Drift approximation consider the slow evolution of the fields in the vicinity of a tokamak equilibrium. These models are typically used to study the micro-instabilities that are believed to be responsible of turbulent transport in tokamaks. Since the drift asymptotic uses a “slow” scaling of the velocity field, the resulting models are significantly different from the full MDH models. This is particularly true with respect to the computation of the electric field that is given by an Ohm's law in MHD models whereas it is computed by a vorticity-like evolution equation in drift approximations. Drift asymptotic models are extremely interesting from a computational point of view since they save substantial CPU time and computer memory. However, the mathematical and numerical properties of these models are essentially unknown. We have begun a detailed study of the derivation of these models from two-fluid Braginskii-type models in order to establish the range of applicability of these asymptotic models, understand their mathematical properties and relations with the reduced MHD models and design appropriate numerical methods for their approximations.

Reduced MHD models are often used in plasma physics and therefore fast compressible waves are not taken into account. In the context of Elms instabilities investigations, full and extended MHD models are to be considered within the framework of high order finite element approximation. In order to obtain predictive simulations with reduced, full and extended MHD models, it is crucial to design numerical strategies that can face some difficulties related to the use of the classical Galerkin methods for convection dominated flows. We have developed a general VMS stabilization strategy for time dependent implicit scheme, which can be applied to MHD models in order to preserved the global accuracy of the initial Galerkin formulation and enforce physical properties as monotony and positivity. Higher order of continuity shape functions are important for accuracy and also help to obtain more robustness of the stabilization as there is no more singularities on elements edges. Numerical implementation and preliminary validations has been performed using C1-Bell shapes functions for triangular meshes. Order five accuracy of the theory is recovered for specific boundary condition. Improvement for general boundary condition is still an open issue. The next step is to combine this Bell shapes functions in the poloidal direction with B-splines functions to achieve accurate representation of complex torus as ITER.

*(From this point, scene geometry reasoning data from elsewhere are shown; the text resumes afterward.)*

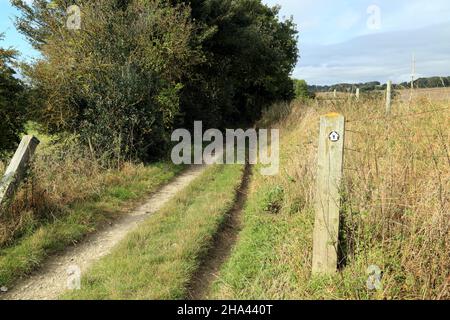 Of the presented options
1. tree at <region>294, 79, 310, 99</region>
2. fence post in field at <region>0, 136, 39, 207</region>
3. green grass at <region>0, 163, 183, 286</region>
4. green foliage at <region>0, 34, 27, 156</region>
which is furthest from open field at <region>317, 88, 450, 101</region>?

A two fluid physical model has been developped in close collaboration with researchers from IRFM. It is based on an hypothesis of stationary magnetic field and the electrostatic and electroneutrality assumptions. However the usual drift assumption, e.g. used in the CEA code TOKAM3D (thesis of P. Tamain), is not used. On the basis of the conservation equations of density, electron and ion velocities, electron and ion temperatures and electrical charges, a set of 10 nonlinear coupled partial differential equations (PDE) can be set up. Our investigations rely on the development of two solvers for this set of PDE. In the frame of her thesis, A. Bonnement (co-direction H. Guillard and R. Pasquetti, financial support of INRIA and PACA region, industrial partner ASSYSTEM) uses a Finite volume / element (FV/FE) approach. The other code, developed by R. Pasquetti, focuses on the use of high order approximations: a spectral element method (SEM) is used in the poloidal plane whereas Fourier expansions are used in the toroidal direction. Each of these codes has allowed in 2010 to solve strongly anisotropic diffusion equations in 2D and axisymmetric 3D geometries for the FV/FE code and in 2D and fully 3D for the Fourier-SEM code. The FV/FE code has also been used to carry out a study of radiative layers evolution in a 2D annular configuration but also in a realistic 3D ITER configuration.

Works carried out during the year 2011 are described hereafter: – On the basis of a Godunov scheme, the FV/FEd approach has been extended to solve the axisymmetric Euler, Navier-Stokes or Braginskii like systems in the jet-tokamak geometry. With respect to Navier-Stokes, the Braginskii system is characterized by anisotropies in the transport coefficients. The mesh is unstructured : A finite element approximation is used for the diffusion terms whereas for the convective terms a finite volume approximation is used on the dual mesh. We have especially focused on the treatment of the toroidal geometry. We have also focused on the implementation of the so-called Bohm conditions, which are enforced by imposing that at the limiter the fluid velocity is colinear to the magnetic field and that the « parallel Mach number » equals or is greater than one. In these studies the governing equations are completed by constant force terms in order to model the Lorentz forces as well as sources of mass and energy. Such forcing terms allow to preserve an equilibrium state, e.g. obtained on the basis of simulations that make use of the drift assumption (see next paragraph). We have then introduced perturbations of this equilibrium state to study the evolution of the different variables (density, velocity and temperature). Various perturbations have been used to this end, fully random in order to check the stability of the equilibrium or on the contrary localized, in order to roughly model the injection of pellets inside the SOL. It is planned that Audrey Bonnement will defend her thesis in Spring 2012.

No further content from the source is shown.